WORK REQUEST: Print, word for word, every line from the beginning of the listing up to and including the line with "Pegatina Redonda Trump". Pictures are to be excluded.

▬▬▬

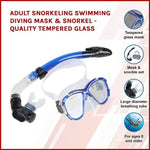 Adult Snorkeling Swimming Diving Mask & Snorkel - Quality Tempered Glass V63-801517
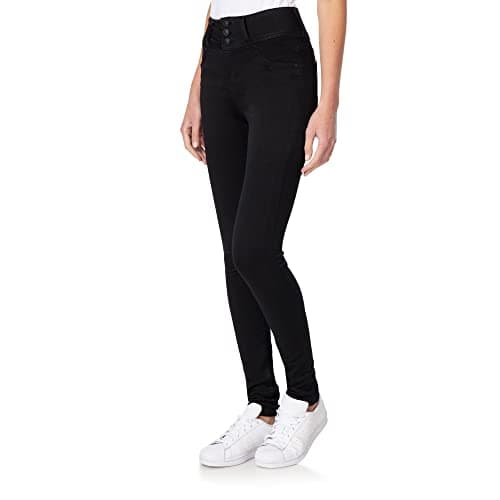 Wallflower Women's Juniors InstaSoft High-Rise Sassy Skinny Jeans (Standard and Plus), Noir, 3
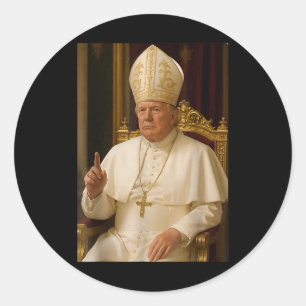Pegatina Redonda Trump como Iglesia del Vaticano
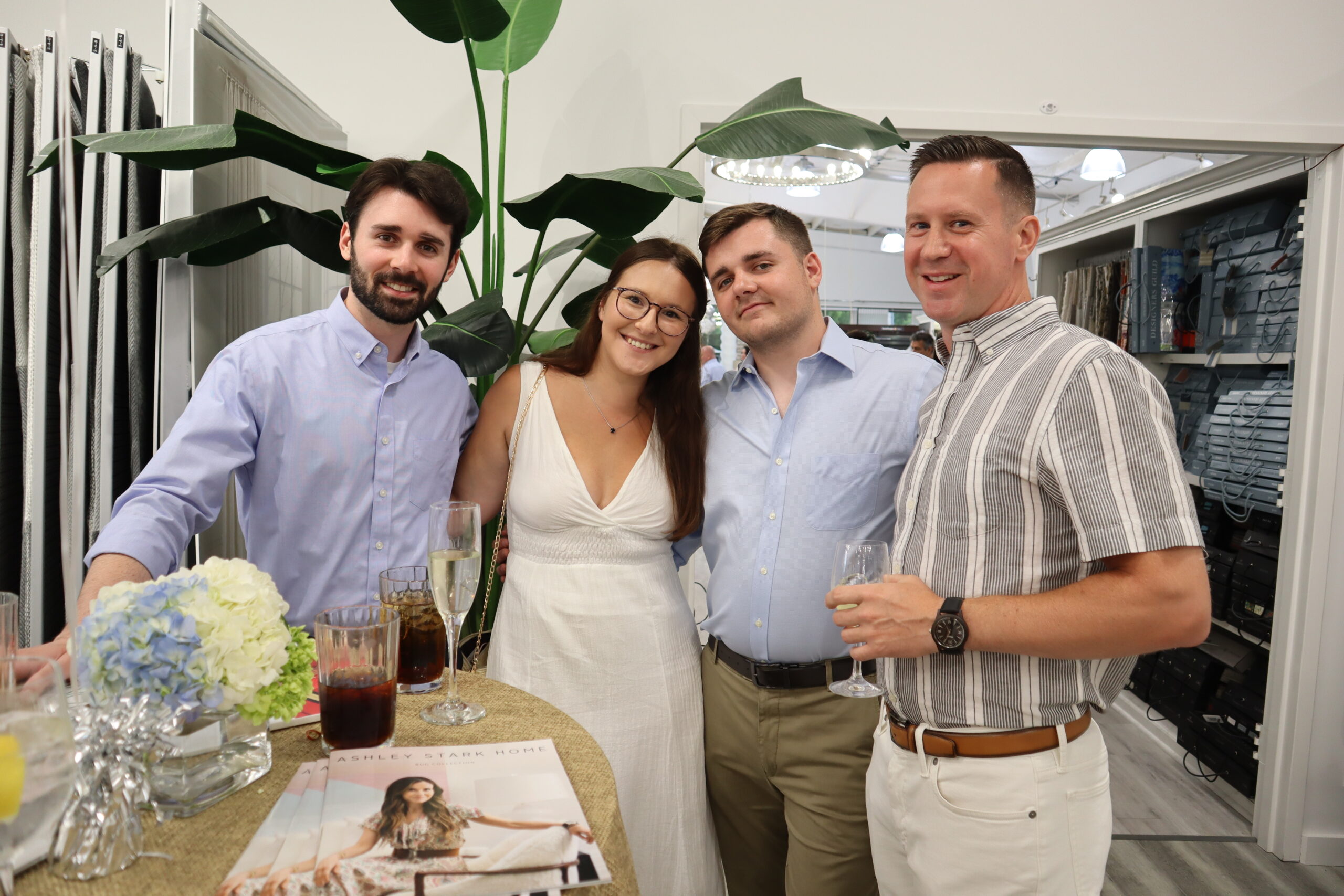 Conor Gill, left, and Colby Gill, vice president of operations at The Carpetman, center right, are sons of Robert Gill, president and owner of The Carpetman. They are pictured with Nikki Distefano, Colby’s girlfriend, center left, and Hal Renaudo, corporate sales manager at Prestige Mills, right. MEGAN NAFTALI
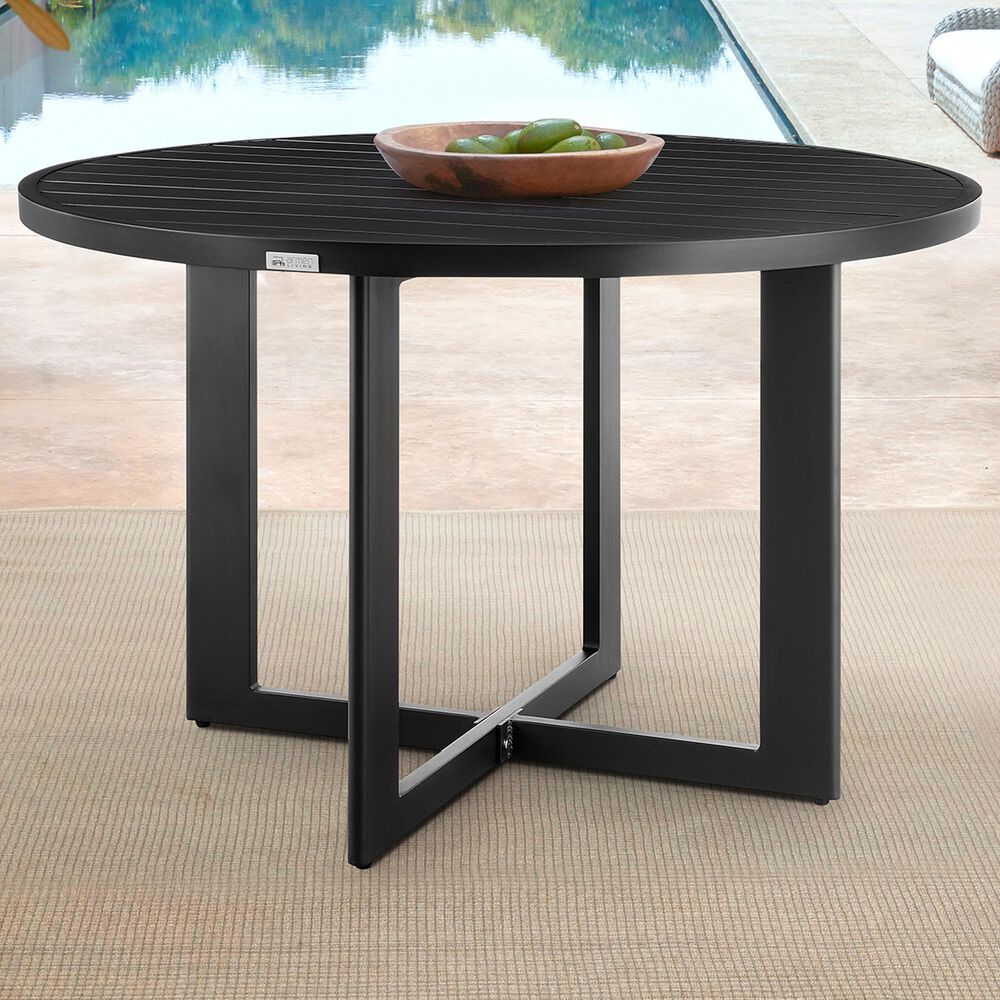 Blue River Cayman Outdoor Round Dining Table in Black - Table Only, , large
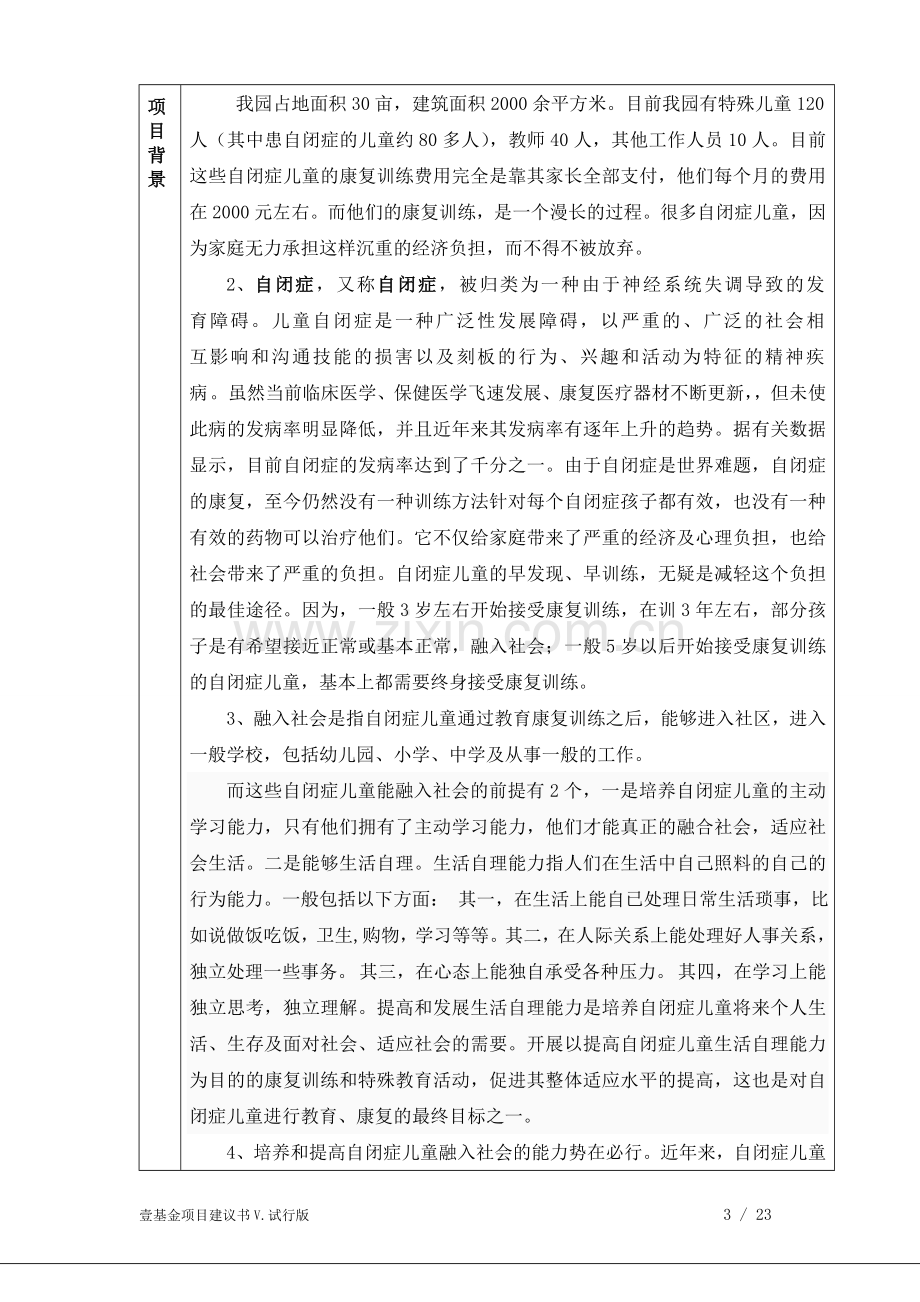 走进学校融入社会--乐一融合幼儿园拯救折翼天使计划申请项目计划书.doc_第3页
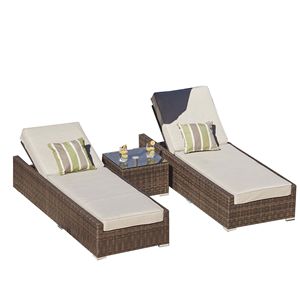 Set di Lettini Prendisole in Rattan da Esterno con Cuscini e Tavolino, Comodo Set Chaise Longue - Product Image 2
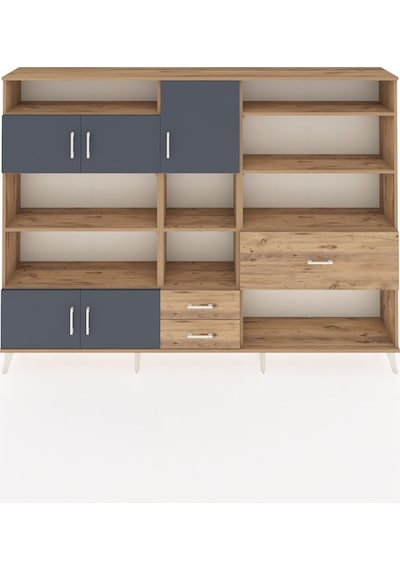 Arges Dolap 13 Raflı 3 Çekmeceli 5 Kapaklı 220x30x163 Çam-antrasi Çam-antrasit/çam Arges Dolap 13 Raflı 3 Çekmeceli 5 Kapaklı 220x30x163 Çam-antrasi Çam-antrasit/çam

▬▬▬

RESULT OF THE EXERCISE:
 Adult Snorkeling Swimming Diving Mask & Snorkel - Quality Tempered Glass V63-801517
 Wallflower Women's Juniors InstaSoft High-Rise Sassy Skinny Jeans (Standard and Plus), Noir, 3
Pegatina Redonda Trump como Iglesia del Vaticano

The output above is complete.